O que os dados mostram
Ao rastrear a umidade “fabricada” pelas florestas e compará-la com áreas agrícolas e fluxos de comércio, o estudo desenha um mapa de dependências hídricas entre países e culturas. Eis os principais achados:
- 155 países dependem de florestas em outros países para até 40% da chuva anual sobre áreas agrícolas.
- Em 105 países, até 18% da precipitação que irriga lavouras é reciclada por florestas dentro do próprio território.
- Florestas extratropicais ganham destaque em meses-chave, ajudando culturas sensíveis (como o trigo) a atravessar ondas de calor e secas.
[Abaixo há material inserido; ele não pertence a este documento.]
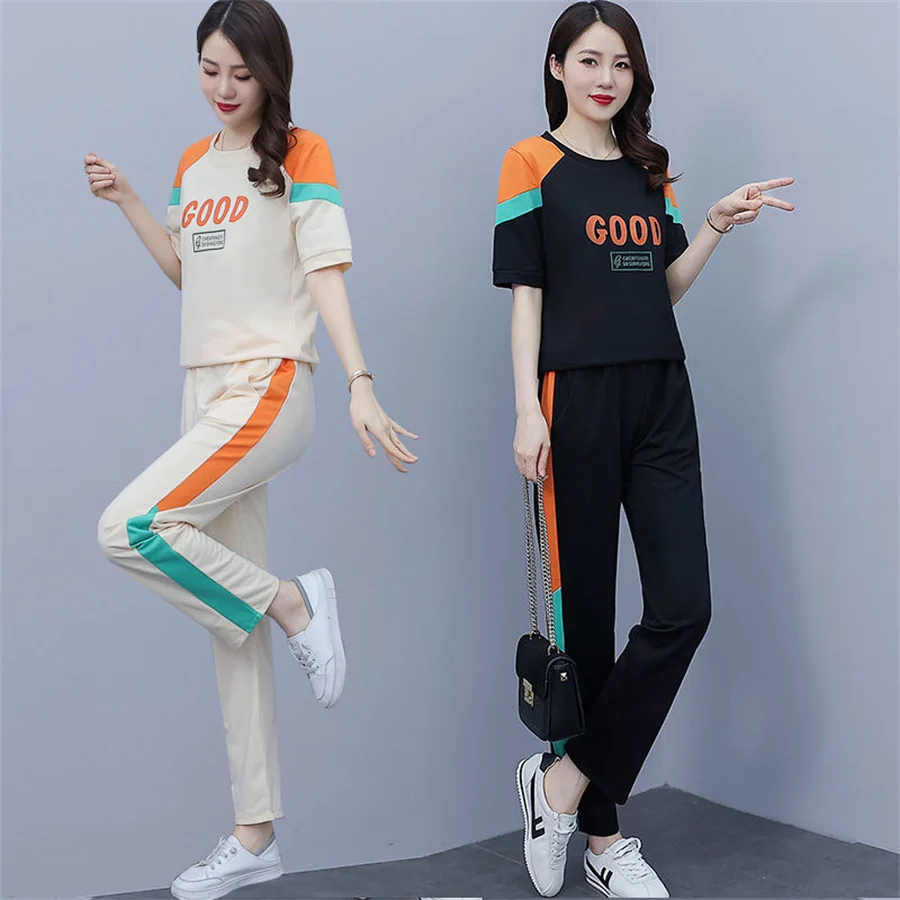 Set Vrouw 2 Harajuku Stijl Casual Pak Zomer 2022 Nieuwe Koreaanse Losse Mode Trend Gym Workout Training Sportkleding| | - AliExpress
- Na América do Sul, o Brasil aparece como fornecedor regional de umidade: envia “chuva” atmosférica para Peru, Equador, Bolívia, Paraguai, Uruguai e Argentina, e, por tabela, sustenta exportações que chegam a compradores na Europa, Ásia, África e Oceania.
- Produtores, exportadores e importadores acabam conectados por circuitos circulares e em cascata de umidade e de grãos, um lembrete de que florestas e mercados caminham juntos.
Esses números ajudam a explicar por que alguns choques climáticos “longe” viram problema “perto” no bolso do consumidor. Se a fonte de umidade que alimenta uma região produtora falha, a quebra de safra viaja pelo comércio e pressiona preços em outros continentes.
Brasil e vizinhos: a fábrica de umidade do Cone Sul
A floresta amazônica e outros biomas funcionam como estabilizadores hidrológicos para lavouras no próprio Brasil e nos países vizinhos. Quando essa máquina perde peças, por desmatamento ou degradação, cai a chuva reciclada, sobe o risco de replantio e encurta janelas de cultivo, inclusive para o milho segunda safra.
A boa notícia é que há margem de ação. Restaurar vegetação nativa em áreas estratégicas, proteger matas ciliares e integrar conservação florestal a planos agrícolas regionais é reforçar a resiliência climática. O estudo sugere, inclusive, que acordos comerciais e políticas de risco poderiam reconhecer a “umidade em trânsito” como um serviço ecossistêmico real, e valioso, para quem planta e para quem compra.
Referência da notícia
Forests support global crop supply through atmospheric moisture transport. 23 de outubro, 2025. Pranindita, A., et al.